Source information:
Start of Block
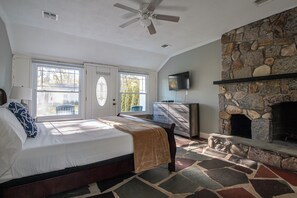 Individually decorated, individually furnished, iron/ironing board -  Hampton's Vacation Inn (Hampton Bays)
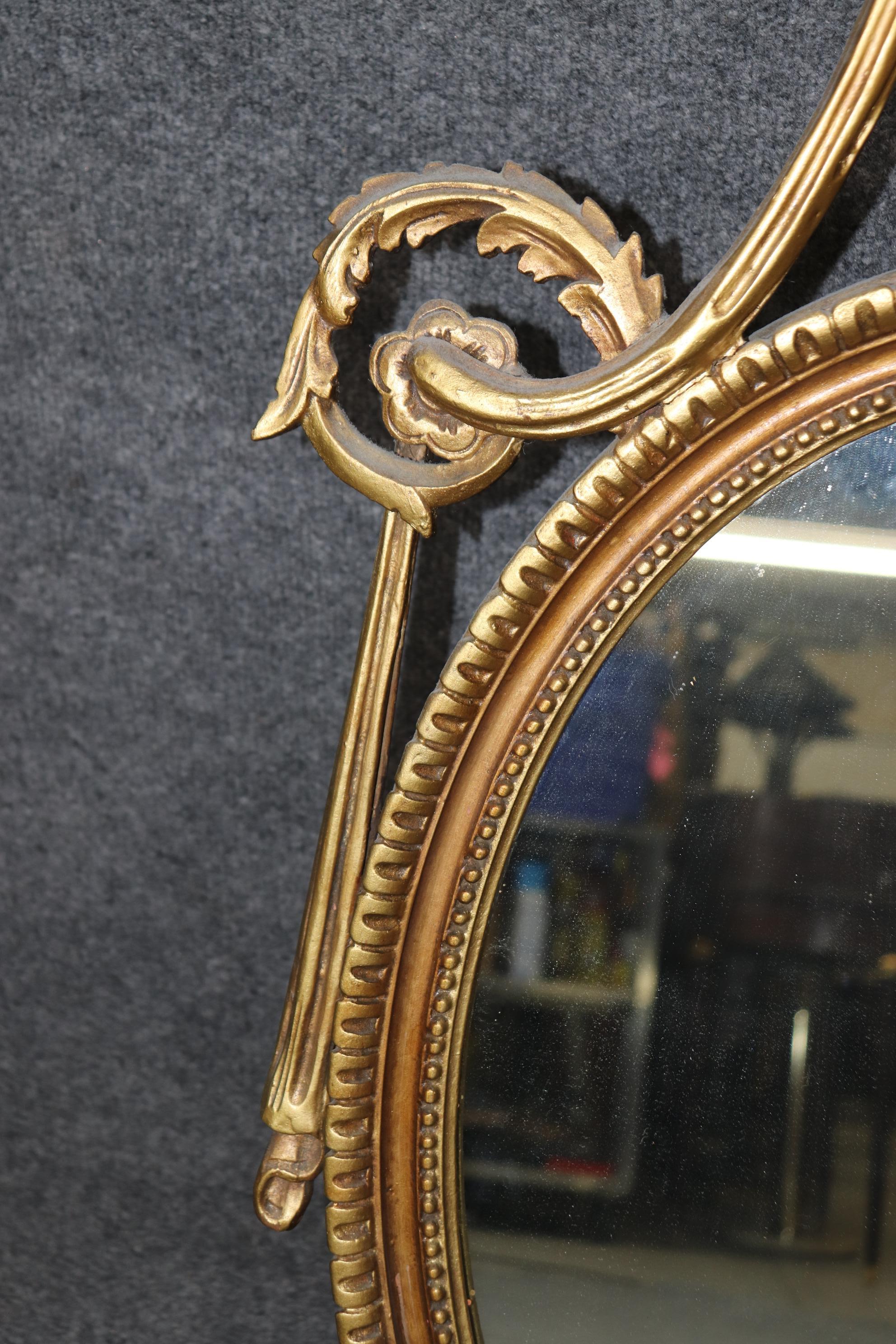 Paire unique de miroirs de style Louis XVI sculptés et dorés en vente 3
End of Block
Start of Block
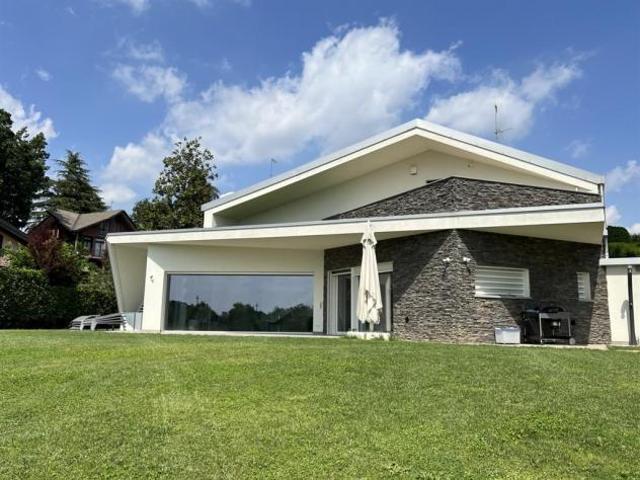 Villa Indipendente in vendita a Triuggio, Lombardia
End of Block
Exercise goal:
From the entries above, copy exactly the lines starting at the one with "Individually decorated, individually" and stopping at the one with "Paire unique de", keeping both ends. Drop the pictures.

Answer:
 Individually decorated, individually furnished, iron/ironing board -  Hampton's Vacation Inn (Hampton Bays)
 Paire unique de miroirs de style Louis XVI sculptés et dorés en vente 3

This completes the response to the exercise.